In order to further elaborate my method and to reemphasize this insistence on the bodily, I want to trace a sound as it moves through a set of works: a sigh in Coleridge’s ‘Reflections on Having Left a Place of Retirement’, to the susurration of the trees in Dorothy Wordsworth’s Alfoxden Notebook. This sound reaches an extraordinary formal apotheosis in the ‘sighs from the depths’ of De Quincey’s Suspiria di Profundis; I’ll take up the sound of mourning and grief he shapes at the end of Chapter 3. In such a tracing the sound moves from the physical automatic sounding of the body to the sound textures of the phenomenal world to a desperate allegorical attempt to mediate between such lived events. Rather than see these phenomena as distinct (the sighing subject, the sounds of the object world) I suggest an inseparability wherein the very transitoriness of involuntary experience constitutes the texture of lived experience, the stuff of the self.

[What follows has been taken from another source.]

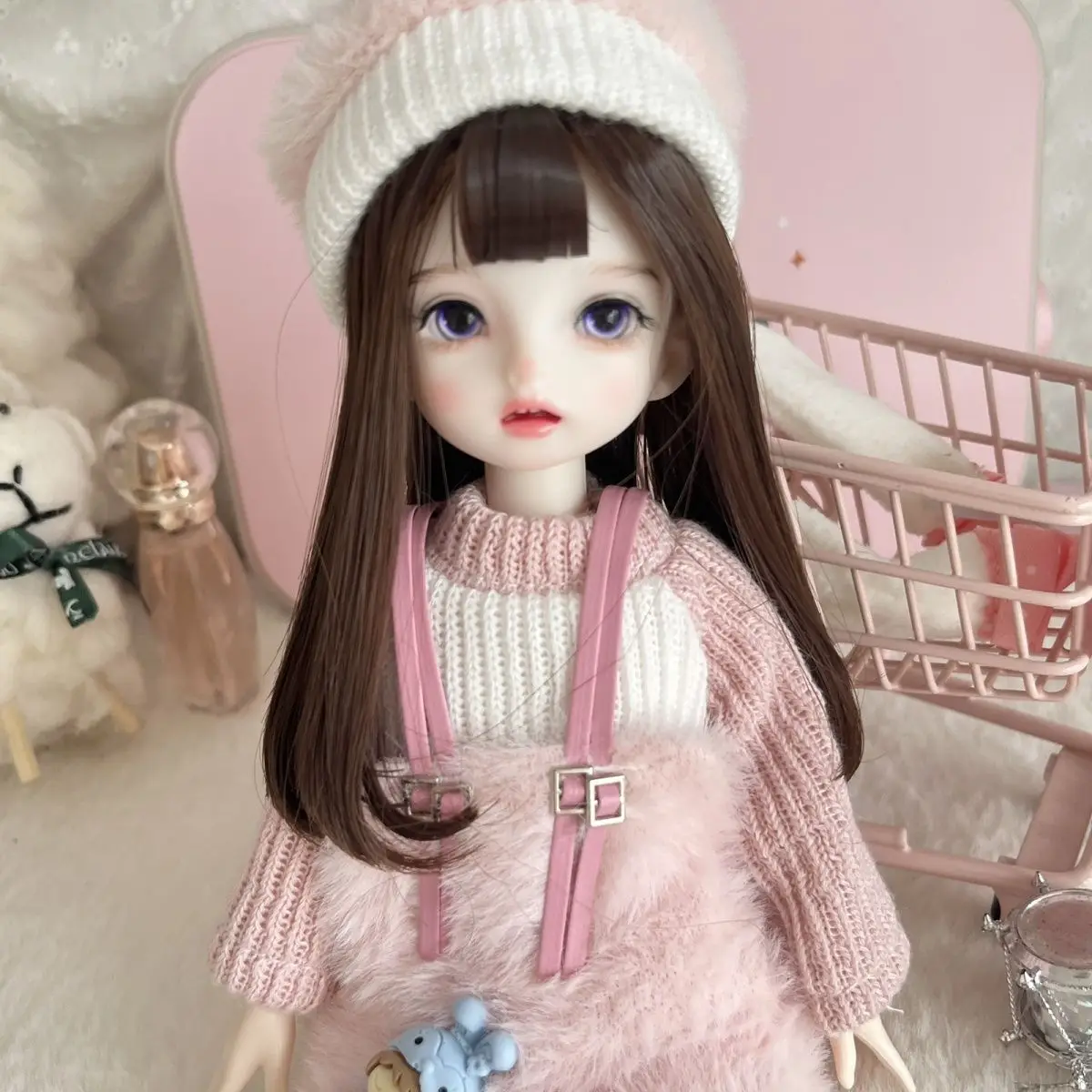 30cm BJD Doll Makeup Doll 6-point Joint Doll 3D Real Eye Girl Toy Dressing Doll Toys for Girls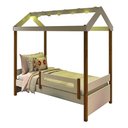 Ver imagem 2 de Cama Infantil Montessoriana Eliz Solteiro com Luz de Led - Branco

In ‘Reflections on Having Left a Place of Retirement’ Coleridge interrupts his deeply personal reflections on the emotional, aesthetic and religious value of his experience with Sara in Clevedon to tell us a story. We know it’s a story because it begins: ‘once’. But before I turn to the story and its purpose in the poem, I want to examine the nature of the scene it seeks to explain (if that’s the right word). Having established a scene of sensual beauty, the lovers, ‘twined’ like the ‘jasmines’, are held in a multi-sensual embrace; the sound of the ‘sea’s faint murmur’, the scent of the jasmine and myrtle, complete the visually arresting composition. The pleasure inherent in the scene, both for the speaker in retrospect and for the reader performatively, depends on this sensual overdetermination – is the source of pleasure the soothing calm of the constant distant murmur, or the even more ephemeral scent of the flowers? We cannot really parse such experiences given their complexity; imagine the subtlety of the shift from experiencing the scent of the myrtles to experiencing the scent of the jasmine, and of the combination of the two. Coleridge foregrounds this experiential plenitude by staging the scene as a series of events: ‘In the open air / Our myrtles blossomed’ (4–5), syntactically joined halves of two enjambed lines, read as an overwhelming sensual moment, transforming the entire world of experience, while also standing as a figure for sexual consummation. The mysterious relationship of sensation to figuration works like a kind of translation as the ‘our’ of ‘our myrtles’ gets dispersed into the ‘open air’. Out of this experience of overwhelming sensual pleasure, the self diffused into the ether, Coleridge offers a surprisingly modest claim: ‘the little landscape round / Was green and woody, and refreshed the eye’ (6–7).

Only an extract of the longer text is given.